Kitchen Notebooks - Gramsci, Journalism and Rational Thinking

Like Antonio Gramsci found himself confined to Mussolini's dungeons, having to jot down short lines of thought in small notebooks, I at times find myself confined to the kitchen table, by a laptop, forced by an uncontrollable impulse to comment on something I have seen or read, to write a few short lines about some subject.

I recently started reading Monthly Review Press’ edition of Antonio A. Santucci’s Antonio Gramsci. In the section of the book centered on Gramsci’s Political Writings (in a Gramscian context this means parts of Gramsci’s pre-prison journalism), Santucci brings to light a passage by Gramsci that effectively contrasts the currently dominating view on journalism. Santucci quotes Gramsci (LC, p. 478, Santucci p. 44) from one of his letters from prison, describing his earlier role as a journalist:

I was never a professional journalist, who sells his pen to those offering more money, thereby being compelled to lie constantly as part of the trade. I was the freest of journalists, always of a single opinion and I never had to hide my deep convictions just to please some boss or ruffian.

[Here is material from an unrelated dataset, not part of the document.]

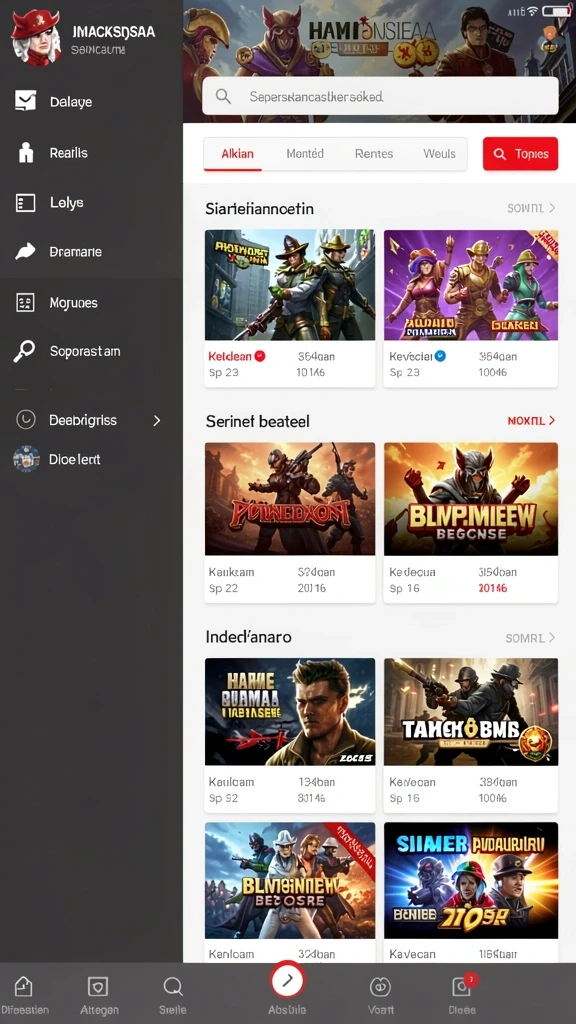 Screenshot tampilan rokokbet App Game Online Terbaru 2026 di bingo4d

In a sense Gramsci here has an opposite view of free journalism than what seems predominant in western society today. After the decline and fall of the "party press" it seems an ideal for journalists to portray themselves as neutral, although as we all know, neutrality does not exist. Probably neutrality is often confused with a centrist position, or perhaps the human fallacy of "dualism" giving equal room for two opposing positions, thinking they are the only ones (normally then choosing two positions creating a rather centrist article, but not at all a neutral one).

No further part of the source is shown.